Take “A Walk to Remember” from the USA, “One Liter of Tears” from Japan, or “Autumn in My Heart” from South Korea. These are movie and series respectively, talking about the deadly, incurable disease.

48. Little Moments Of Your Life

See no. 14, 35, and 44.

49. Book Sales/Flea Market

Like Ransom Riggs, I’ve been a fan of book sales since I got into the university. Because in these types of locations, you can find treasure. Lots of ideas from old things you can only see at flea markets.

50. Other Occupations

When I entered the courier office to ship my package to the German Embassy (as stated in no. 17), I noticed the employees while they received the documents and packed them for shipment.

51. Grandparents/Parents’ Stories

This point somehow relates to my previous point about history and friends, however, I’d like to add something here. If you want more unique stories, you can ask your grandparents or your parents about their lives. Certainly, you can pick up something that will spark your potential Historical Fiction.

52. (Really Long) Car/Bus Rides

I thought doing this would make me an odd person. But many of the writers tend to do this all the time. For whatever reason, the long distance travel by car makes me wonder a lot of things to the point I won’t notice what’s going on around me. Especially if I see nature along the way. That makes me more indulged to enjoy the view rather than talking to my family.

53. Eulogies

Writing about death is something that I like, but it’s emotionally draining. Of course, for obvious reasons, it brings sorrow and pain. Writing scenes in the chapters containing these makes me want to prepare ahead of time because I know I’ll be physically weak afterward.

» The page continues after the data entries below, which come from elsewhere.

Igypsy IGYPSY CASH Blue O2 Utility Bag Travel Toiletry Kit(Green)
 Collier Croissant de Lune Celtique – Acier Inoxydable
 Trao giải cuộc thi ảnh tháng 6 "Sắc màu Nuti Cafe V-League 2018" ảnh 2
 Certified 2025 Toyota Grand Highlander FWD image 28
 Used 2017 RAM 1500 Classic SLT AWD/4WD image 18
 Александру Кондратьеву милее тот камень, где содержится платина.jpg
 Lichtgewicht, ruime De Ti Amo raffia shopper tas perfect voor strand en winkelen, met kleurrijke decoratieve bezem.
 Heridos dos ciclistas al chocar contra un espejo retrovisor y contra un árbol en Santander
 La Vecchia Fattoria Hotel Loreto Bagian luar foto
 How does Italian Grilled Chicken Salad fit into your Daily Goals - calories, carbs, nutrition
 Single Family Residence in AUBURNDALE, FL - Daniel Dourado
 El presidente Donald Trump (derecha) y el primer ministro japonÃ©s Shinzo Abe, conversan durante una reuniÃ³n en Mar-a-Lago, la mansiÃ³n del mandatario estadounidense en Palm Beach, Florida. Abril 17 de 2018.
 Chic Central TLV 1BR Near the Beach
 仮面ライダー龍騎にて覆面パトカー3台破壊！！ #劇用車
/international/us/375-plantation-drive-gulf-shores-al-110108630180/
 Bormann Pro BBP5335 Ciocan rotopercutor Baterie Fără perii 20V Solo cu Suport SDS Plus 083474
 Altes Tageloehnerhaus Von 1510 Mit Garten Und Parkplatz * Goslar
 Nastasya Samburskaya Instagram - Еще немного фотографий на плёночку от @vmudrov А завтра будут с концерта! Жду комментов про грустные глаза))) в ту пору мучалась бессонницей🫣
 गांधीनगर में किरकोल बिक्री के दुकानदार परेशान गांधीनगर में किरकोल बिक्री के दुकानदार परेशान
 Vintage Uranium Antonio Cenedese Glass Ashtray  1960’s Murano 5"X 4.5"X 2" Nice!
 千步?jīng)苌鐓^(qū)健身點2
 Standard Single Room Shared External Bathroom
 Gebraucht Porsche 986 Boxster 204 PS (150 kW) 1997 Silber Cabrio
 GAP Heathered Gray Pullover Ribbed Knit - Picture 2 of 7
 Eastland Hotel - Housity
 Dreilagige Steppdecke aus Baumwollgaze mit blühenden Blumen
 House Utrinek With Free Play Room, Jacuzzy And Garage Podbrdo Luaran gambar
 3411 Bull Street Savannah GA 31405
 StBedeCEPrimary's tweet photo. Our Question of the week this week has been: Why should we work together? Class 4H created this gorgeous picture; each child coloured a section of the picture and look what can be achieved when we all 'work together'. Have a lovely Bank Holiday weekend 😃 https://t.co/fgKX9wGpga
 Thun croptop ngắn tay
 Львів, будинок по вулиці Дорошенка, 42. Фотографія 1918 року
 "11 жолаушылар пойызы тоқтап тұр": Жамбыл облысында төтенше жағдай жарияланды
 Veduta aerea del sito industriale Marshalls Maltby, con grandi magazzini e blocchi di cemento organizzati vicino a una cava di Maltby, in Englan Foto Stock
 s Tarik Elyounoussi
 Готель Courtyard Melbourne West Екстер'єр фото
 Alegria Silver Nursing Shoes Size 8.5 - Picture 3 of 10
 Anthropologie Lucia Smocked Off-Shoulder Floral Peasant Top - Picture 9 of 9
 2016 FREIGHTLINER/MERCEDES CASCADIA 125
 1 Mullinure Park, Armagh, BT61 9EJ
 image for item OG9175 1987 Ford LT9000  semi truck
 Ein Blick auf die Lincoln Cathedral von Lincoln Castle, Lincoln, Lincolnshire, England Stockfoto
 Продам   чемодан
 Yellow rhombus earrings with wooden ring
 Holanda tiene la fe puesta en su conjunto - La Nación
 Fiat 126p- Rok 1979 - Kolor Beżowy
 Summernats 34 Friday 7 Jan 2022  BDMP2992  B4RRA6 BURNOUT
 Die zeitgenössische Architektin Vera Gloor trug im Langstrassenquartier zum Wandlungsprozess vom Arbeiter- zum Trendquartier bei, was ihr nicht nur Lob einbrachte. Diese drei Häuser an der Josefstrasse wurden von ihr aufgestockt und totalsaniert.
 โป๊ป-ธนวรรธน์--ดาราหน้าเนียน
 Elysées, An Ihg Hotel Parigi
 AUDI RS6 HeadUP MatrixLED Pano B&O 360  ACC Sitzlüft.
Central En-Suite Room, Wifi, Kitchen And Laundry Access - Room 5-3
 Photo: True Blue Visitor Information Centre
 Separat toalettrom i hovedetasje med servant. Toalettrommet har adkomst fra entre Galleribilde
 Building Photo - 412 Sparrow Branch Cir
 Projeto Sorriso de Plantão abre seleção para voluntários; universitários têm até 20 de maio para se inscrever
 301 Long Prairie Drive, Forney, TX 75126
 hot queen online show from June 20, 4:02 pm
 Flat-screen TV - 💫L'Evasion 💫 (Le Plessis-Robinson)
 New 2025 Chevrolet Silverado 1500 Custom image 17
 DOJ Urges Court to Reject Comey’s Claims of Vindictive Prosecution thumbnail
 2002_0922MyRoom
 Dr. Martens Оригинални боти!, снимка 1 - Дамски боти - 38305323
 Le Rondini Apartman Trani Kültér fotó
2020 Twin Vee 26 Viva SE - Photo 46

54. Imagine People’s Lives Opposite Of Their Current Situation

See no. 31.

55. Create A Title Then Build A Character

The majority of the authors say don’t create the title before writing your story. For me, I do the reverse. I decide the book idea and the title first before I commence the writing phase. If this system works for you, great! We’re on the same boat, my writing buddy.

56. Graveyards

See no. 53.

57. Mix Cliches And Turn Them Into An Odd Idea

See no. 45.

58. Creating Evilest Character From Dread

One of my favorite approaches when creating a new story for my next book is to create a phenomenal protagonist. Here’s the catch. Making the lead character the evilest one.

59. Positivity In A Deadly Disease

See no. 47.

60. Positivity In Destruction (man-made and natural causes)

In relation to my previous point about turning ordinary events into extraordinary, it’s a theme of destruction made by man. The point is for me, as an author of the book, I have to harness the lead character’s evil plan to bring out the positive outcomes he expects.

61. Pets

Name all the movies, series, or books with their pets as the protagonist. There are lots of these works made from real-life situations wherein their furry friends made an impact in their lives. Both positive and negative.